Problem to work on: Using the data that follows, report how many lines include "Light"; output no other text.

The data START

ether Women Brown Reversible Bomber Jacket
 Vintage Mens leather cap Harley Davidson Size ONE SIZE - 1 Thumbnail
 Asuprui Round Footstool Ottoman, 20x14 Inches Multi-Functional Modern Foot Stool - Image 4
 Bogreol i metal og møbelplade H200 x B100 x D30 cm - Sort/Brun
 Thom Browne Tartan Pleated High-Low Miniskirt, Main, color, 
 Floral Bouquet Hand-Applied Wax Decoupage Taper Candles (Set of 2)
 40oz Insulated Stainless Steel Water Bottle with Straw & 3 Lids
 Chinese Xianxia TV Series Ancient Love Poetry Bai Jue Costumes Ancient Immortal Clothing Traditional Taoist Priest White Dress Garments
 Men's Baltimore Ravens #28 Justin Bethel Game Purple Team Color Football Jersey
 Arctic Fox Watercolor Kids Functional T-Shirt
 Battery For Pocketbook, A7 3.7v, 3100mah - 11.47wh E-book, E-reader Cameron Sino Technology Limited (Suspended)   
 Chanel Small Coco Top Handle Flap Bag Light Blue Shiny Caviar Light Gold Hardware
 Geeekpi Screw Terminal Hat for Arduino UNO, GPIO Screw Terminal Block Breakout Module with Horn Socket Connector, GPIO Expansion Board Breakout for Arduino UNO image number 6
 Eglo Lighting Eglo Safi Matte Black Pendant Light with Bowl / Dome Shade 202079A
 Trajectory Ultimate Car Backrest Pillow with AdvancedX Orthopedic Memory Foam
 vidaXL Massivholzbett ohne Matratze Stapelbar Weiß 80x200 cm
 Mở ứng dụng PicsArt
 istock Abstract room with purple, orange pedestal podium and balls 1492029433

The data END

Answer section: 2